The communicated packetized signals from the browser 306 over the network 304 are not directed wholly to the virtual connector 302; instead, the virtual connector 302 intercepts and extracts particular information of the packetized signals. In effect, the virtual connector 302 merely “sniffs” the signals and, via desired filters of the virtual connector 302, discerns information from the signals. Desired, information of the signals is then intercepted and extracted by the virtual connector 302. For these purposes, the virtual connector 302 includes an interceptor 320. The interceptor 320 captures the message off the dispatch from the browser 306 on the network 304. The interceptor 320 includes desired filters, for example, filters or patterns for SOAP, HTTP data, or other types/formatting/sequencing of data. In this manner, the interceptor 320 distinguishes particular types of information of the data, but the interceptor 320 does not necessarily determine the particular data itself. In fact, characteristics that are indicative of particular types are generally employed as the filtering criteria by the interceptor 320. When the interceptor 320 determines presence in the signals of desired information by virtue of data types and other patterns, the interceptor 320 extracts the particular data corresponding to the identified types or patterns.

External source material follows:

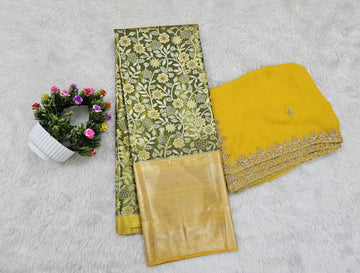 (10+ Year) Lehenga – Unstitched (Blouse + Material)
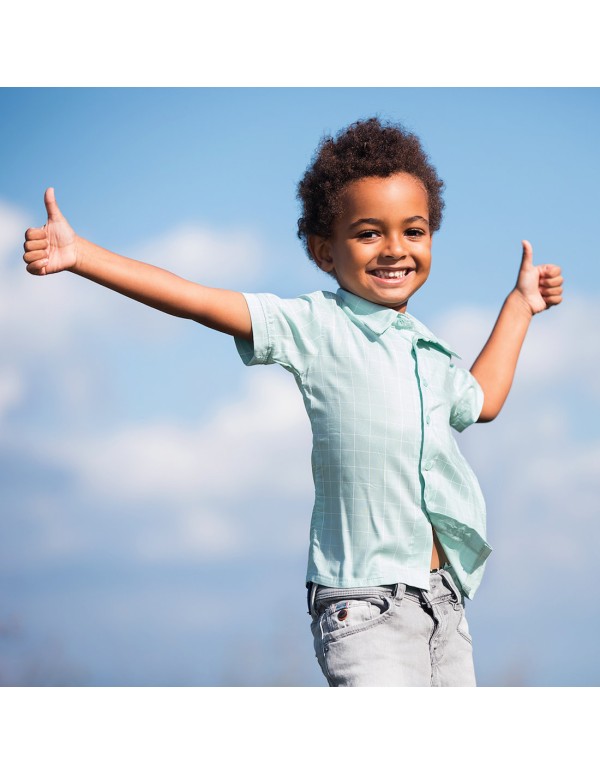 Toile de viscose Cranberry, Thin grid vert d'eau, See you at six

A mapper 322 of the virtual connector 302 handles the extracted data to map the data with an appropriate identifier. The mapper 322 maps the data according to a semantic type or other distinction of each particular type of extracted data. In effect, the mapper 322 is an organizer and storage for the data, for example, similar to a look-up table or database arrangement. Each extraction is uniquely identified and mapped. As will be later described more fully, the mapper 322, together with other features of the virtual connector 302, permits real-time training for continually improving desired data extraction and handling, in addition to the runtime interception, and extraction of signals.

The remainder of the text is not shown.